━━━━━ PROVIDED RECORDS ━━━━━
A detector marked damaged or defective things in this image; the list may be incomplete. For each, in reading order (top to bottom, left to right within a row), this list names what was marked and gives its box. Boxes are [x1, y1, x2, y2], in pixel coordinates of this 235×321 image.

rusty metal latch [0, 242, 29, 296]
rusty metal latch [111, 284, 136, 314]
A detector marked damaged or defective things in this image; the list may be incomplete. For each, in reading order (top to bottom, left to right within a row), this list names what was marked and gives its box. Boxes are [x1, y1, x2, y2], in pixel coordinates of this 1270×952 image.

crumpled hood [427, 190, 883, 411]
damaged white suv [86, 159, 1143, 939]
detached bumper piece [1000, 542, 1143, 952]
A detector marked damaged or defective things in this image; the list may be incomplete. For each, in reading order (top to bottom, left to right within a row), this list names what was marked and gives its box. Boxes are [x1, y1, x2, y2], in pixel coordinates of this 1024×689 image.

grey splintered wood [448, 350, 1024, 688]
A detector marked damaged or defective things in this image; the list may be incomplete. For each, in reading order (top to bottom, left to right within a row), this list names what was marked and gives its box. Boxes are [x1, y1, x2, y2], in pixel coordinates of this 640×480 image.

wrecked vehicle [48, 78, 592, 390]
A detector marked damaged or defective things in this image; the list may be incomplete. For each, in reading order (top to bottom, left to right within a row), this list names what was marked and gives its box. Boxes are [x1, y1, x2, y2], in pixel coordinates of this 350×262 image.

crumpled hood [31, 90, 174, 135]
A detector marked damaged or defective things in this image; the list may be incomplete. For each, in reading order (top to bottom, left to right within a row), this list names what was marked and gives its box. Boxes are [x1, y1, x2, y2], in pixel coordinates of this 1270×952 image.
━━━━━
-- TASK TO COMPLETE --
Would you please write the entries out again in full, exactly as given?

-- ANSWER TO THIS EXERCISE --
A detector marked damaged or defective things in this image; the list may be incomplete. For each, in reading order (top to bottom, left to right within a row), this list names what was marked and gives its box. Boxes are [x1, y1, x2, y2], in pixel coordinates of this 235×321 image.

rusty metal latch [0, 242, 29, 296]
rusty metal latch [111, 284, 136, 314]
A detector marked damaged or defective things in this image; the list may be incomplete. For each, in reading order (top to bottom, left to right within a row), this list names what was marked and gives its box. Boxes are [x1, y1, x2, y2], in pixel coordinates of this 1270×952 image.

crumpled hood [427, 190, 883, 411]
damaged white suv [86, 159, 1143, 939]
detached bumper piece [1000, 542, 1143, 952]
A detector marked damaged or defective things in this image; the list may be incomplete. For each, in reading order (top to bottom, left to right within a row), this list names what was marked and gives its box. Boxes are [x1, y1, x2, y2], in pixel coordinates of this 1024×689 image.

grey splintered wood [448, 350, 1024, 688]
A detector marked damaged or defective things in this image; the list may be incomplete. For each, in reading order (top to bottom, left to right within a row), this list names what was marked and gives its box. Boxes are [x1, y1, x2, y2], in pixel coordinates of this 640×480 image.

wrecked vehicle [48, 78, 592, 390]
A detector marked damaged or defective things in this image; the list may be incomplete. For each, in reading order (top to bottom, left to right within a row), this list names what was marked and gives its box. Boxes are [x1, y1, x2, y2], in pixel coordinates of this 350×262 image.

crumpled hood [31, 90, 174, 135]
A detector marked damaged or defective things in this image; the list may be incomplete. For each, in reading order (top to bottom, left to right within a row), this list names what was marked and gives its box. Boxes are [x1, y1, x2, y2], in pixel coordinates of this 1270×952 image.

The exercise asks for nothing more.